The problem:
In the records below, reproduce exactly the lines from the one containing "NFL Nike Atlanta" through the one containing "FEBI BILSTEIN Bromsskiva", both included, and omit the pictures.

Raw data:
*-*-*

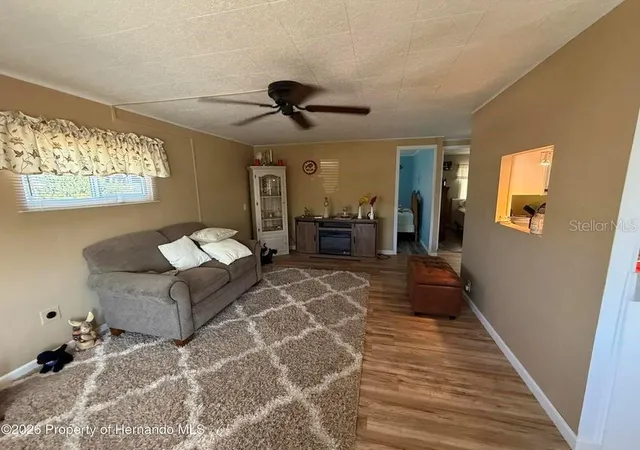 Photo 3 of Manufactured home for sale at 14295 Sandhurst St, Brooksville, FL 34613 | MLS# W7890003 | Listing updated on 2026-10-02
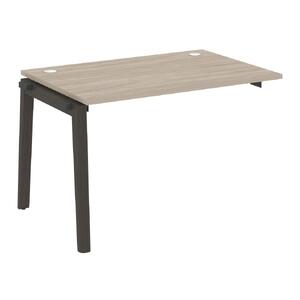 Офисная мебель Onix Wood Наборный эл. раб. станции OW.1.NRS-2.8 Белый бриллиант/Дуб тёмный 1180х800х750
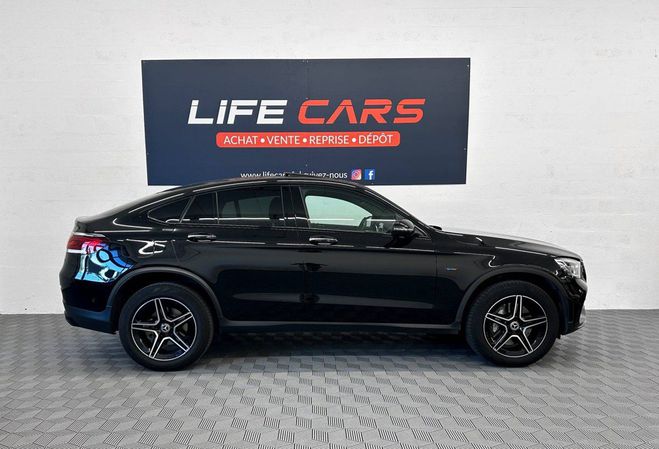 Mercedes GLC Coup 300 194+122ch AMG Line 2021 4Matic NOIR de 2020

*-*-*

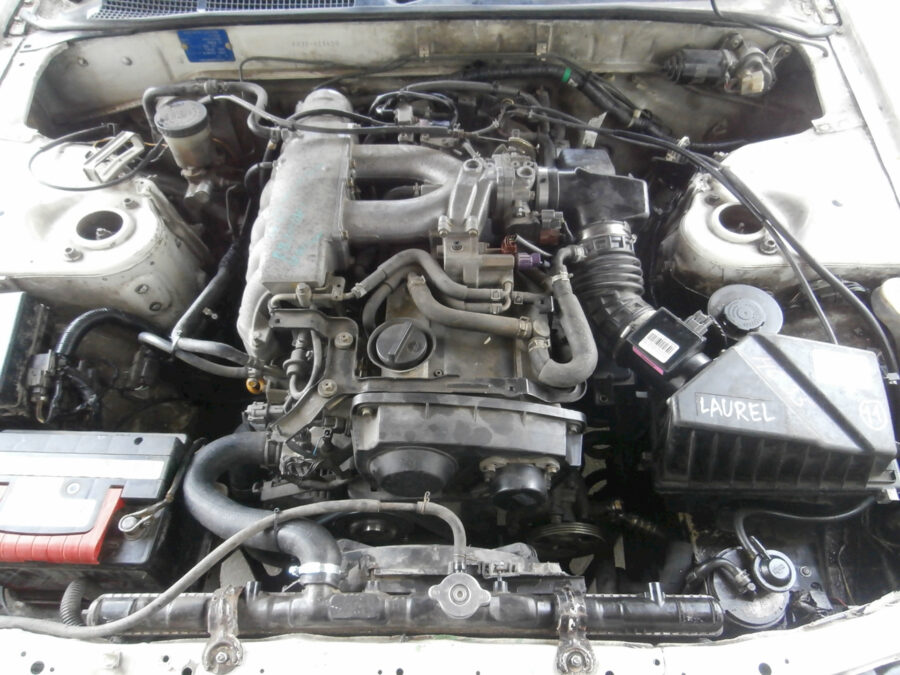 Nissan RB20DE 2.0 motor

*-*-*

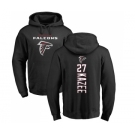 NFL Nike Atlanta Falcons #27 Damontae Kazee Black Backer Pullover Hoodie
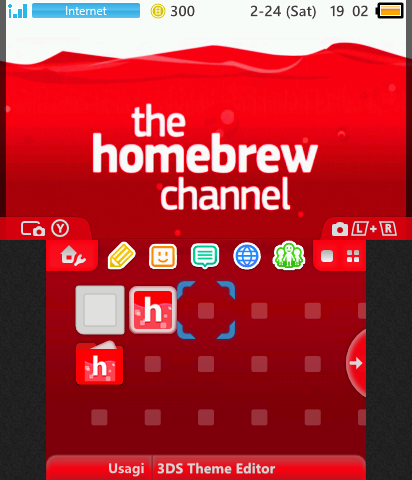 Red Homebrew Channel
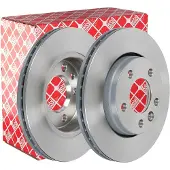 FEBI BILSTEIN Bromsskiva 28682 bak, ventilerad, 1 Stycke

*-*-*

Answer area:
 NFL Nike Atlanta Falcons #27 Damontae Kazee Black Backer Pullover Hoodie
 Red Homebrew Channel
 FEBI BILSTEIN Bromsskiva 28682 bak, ventilerad, 1 Stycke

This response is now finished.